Kubernetes · 8 min read

Logging in Kubernetes: Best Practices

A practical guide to Kubernetes logging — centralized architecture, backend selection, structured logging, retention policies, and troubleshooting patterns.

THNKBIG Team

Engineering Insights

Logging in Kubernetes: Best Practices

Logging in Kubernetes Is a Different Problem

On a virtual machine, your application writes to /var/log and you set up rsyslog or a Filebeat agent. The file stays put. The machine stays put. In Kubernetes, pods are ephemeral. A crashed container takes its logs with it. A scaled-down deployment deletes the nodes those logs lived on. If you are not shipping logs off-node in real time, you are losing data.

Centralized logging is not optional in Kubernetes.

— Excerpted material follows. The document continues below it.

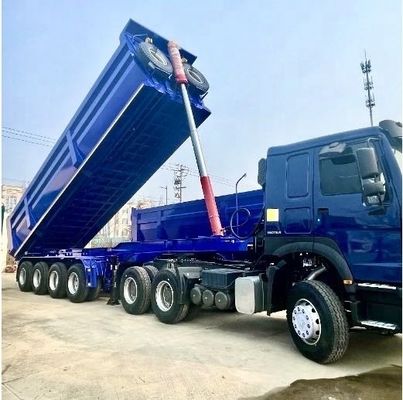 De acordo com o 3 eixos hidráulico traseiro semi-reboque para transporte de grãos de 100 toneladas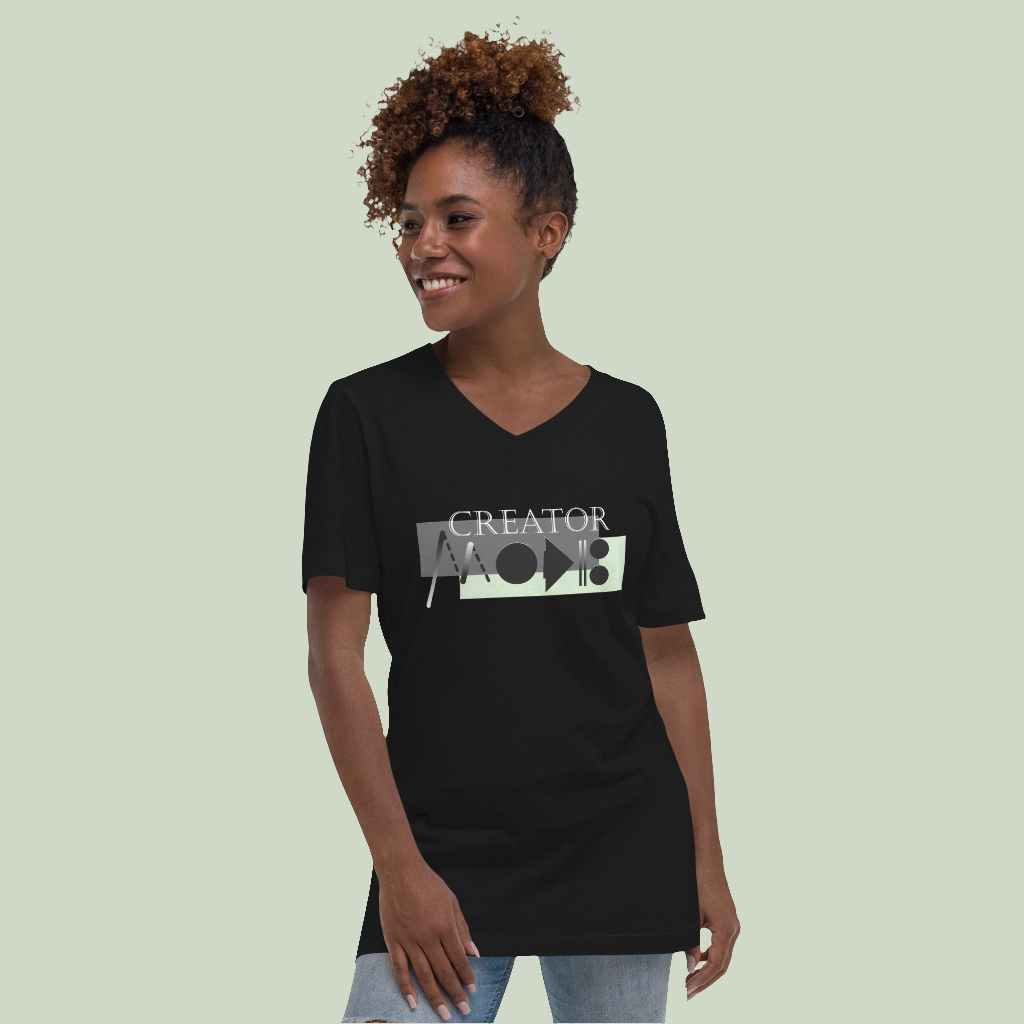 'CreatorMODE' Unisex Short Sleeve V-Neck T-Shirt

It is infrastructure. This post covers the architecture decisions, tool choices, and operational practices that separate useful logging from expensive noise.

Centralized Logging Architecture

There are two primary patterns for collecting logs in Kubernetes: the DaemonSet collector and the sidecar collector. The DaemonSet approach deploys one log agent per node — typically Fluent Bit or Fluentd — that reads container log files from /var/log/containers/. This is the standard approach for most clusters.

The sidecar approach runs a logging agent inside each pod. It uses more resources but gives you per-application control over log parsing and routing. Use sidecars when specific workloads produce non-standard log formats that need custom parsing before ingestion.

Our recommendation: start with a Fluent Bit DaemonSet for cluster-wide collection. Add sidecars only for workloads that genuinely need them. Fluent Bit uses roughly 15 MB of memory per node versus 60+ MB for Fluentd. At scale, that difference matters.

Choosing a Log Backend: EFK, Loki, or Cloud-Native

The EFK stack (Elasticsearch, Fluent Bit/Fluentd, Kibana) remains the most common open-source logging backend. Elasticsearch is powerful for full-text search and complex queries. It is also resource-intensive. A production Elasticsearch cluster needs dedicated nodes, careful JVM tuning, and index lifecycle management.

Grafana Loki takes a different approach. It indexes only metadata (labels), not the log content itself. Storage costs drop dramatically because logs are compressed and stored in object storage like S3. Query speed on raw text is slower than Elasticsearch, but for most troubleshooting workflows — filtering by namespace, pod, or container — Loki is fast enough and far cheaper.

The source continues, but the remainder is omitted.